Last Updated on June 11, 2021 by Oddmund Groette
Warren Buffett’s investment track record is second to none. Not only has he managed to invest successfully, but his patience has made him compound decade after decade.
We can argue Buffet’s skill is investing, but his hidden gem is his patience. 95% of his wealth came after his 65th birthday!
A big part of his success derives from the investing framework that makes him look at each investment as buying a slice of a business. This way, he is not distracted by the daily swings in the stock market. He’s confident his stock pickings will do fine over the long term. It makes him sleep well at night and let the compounding do the job.
In Snowball, By Alice Schroeder, the only authorized biography of Warren Buffett, I found a passage that further elaborates on the main framework that sets the guidelines for all his investments. It’s not rocket science, but worthwhile having in the back of your head at all times. On page 133 the author lists the three main investing principles Buffett learned from Benjamin Graham’s lectures:
Buffet’s three main investing tips:
- A stock is the right to own a little piece of a business. A stock is worth a certain fraction of what you would be willing to pay for the whole business.

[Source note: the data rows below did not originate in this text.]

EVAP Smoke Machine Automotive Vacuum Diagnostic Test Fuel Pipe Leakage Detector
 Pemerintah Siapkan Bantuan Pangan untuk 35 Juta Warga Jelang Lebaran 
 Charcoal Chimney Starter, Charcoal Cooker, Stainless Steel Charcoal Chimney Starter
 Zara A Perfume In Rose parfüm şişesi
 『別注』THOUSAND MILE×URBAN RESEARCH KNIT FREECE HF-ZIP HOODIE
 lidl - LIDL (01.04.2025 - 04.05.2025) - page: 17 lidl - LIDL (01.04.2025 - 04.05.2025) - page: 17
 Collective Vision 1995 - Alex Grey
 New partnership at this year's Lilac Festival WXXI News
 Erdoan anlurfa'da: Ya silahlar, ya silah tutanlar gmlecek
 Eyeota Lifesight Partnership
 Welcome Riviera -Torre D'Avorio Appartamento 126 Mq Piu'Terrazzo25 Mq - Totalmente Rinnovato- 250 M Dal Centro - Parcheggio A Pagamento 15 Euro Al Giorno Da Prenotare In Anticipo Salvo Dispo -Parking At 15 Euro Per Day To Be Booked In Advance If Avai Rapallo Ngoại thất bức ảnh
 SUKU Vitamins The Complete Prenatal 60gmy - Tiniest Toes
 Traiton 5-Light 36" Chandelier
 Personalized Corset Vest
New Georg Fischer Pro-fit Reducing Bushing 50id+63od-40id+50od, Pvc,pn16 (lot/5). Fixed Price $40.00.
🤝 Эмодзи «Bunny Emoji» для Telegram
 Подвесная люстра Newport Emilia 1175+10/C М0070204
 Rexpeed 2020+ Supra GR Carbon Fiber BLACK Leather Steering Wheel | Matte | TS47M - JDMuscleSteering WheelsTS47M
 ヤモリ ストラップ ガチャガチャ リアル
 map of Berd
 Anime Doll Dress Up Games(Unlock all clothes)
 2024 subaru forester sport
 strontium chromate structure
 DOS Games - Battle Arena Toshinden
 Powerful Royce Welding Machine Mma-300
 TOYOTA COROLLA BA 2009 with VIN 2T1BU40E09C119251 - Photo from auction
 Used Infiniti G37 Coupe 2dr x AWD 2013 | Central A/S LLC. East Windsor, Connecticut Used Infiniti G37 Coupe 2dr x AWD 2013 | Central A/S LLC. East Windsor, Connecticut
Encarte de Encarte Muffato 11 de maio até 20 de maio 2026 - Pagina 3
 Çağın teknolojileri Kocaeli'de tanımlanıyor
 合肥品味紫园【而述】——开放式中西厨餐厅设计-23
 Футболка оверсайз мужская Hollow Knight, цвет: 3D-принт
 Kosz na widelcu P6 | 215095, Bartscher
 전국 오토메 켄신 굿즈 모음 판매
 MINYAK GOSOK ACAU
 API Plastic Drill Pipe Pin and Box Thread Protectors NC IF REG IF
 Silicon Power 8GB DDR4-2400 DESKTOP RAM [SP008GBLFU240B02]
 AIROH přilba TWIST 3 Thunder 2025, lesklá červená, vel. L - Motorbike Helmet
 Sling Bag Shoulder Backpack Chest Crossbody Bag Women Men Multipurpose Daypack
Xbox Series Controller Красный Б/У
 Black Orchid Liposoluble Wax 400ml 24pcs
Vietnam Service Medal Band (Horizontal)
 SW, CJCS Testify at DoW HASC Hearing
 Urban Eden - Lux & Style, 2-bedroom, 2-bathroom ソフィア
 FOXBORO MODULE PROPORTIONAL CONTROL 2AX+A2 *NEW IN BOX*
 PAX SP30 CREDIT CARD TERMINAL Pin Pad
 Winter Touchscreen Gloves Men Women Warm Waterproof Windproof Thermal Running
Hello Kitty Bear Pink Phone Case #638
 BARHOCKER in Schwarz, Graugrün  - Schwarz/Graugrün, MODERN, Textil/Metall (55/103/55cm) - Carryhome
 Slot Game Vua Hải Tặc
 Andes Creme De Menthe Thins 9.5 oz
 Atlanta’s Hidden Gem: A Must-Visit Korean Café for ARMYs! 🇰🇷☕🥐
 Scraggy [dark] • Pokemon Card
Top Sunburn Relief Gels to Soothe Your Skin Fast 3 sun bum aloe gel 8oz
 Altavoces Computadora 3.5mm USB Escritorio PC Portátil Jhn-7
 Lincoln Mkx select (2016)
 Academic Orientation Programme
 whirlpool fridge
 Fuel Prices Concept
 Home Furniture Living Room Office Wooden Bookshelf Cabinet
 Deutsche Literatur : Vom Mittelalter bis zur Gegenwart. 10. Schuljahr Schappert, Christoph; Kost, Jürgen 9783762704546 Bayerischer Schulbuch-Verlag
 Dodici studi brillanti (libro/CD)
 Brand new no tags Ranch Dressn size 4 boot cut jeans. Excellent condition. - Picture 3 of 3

- Use a margin of safety. Investing is built on estimates and uncertainty. A wide margin of safety ensures that the effects of good decisions are not wiped out by errors. The way to advance, above all, is by not retreating.
- Mr. Market is your servant, not your master. Graham postulated a moody character called Mr. Market, who offers to buy and sell stocks every day, often at prices that don’t make sense. Mr. Market’s moods should not influence your view of price. However, from time to time he does offer the chance to buy low and sell high.
Buffett regarded number two s the most important: always have a margin of safety. The intrinsic value he could estimate with reasonable accuracy, but the margin of safety made him sleep well at night.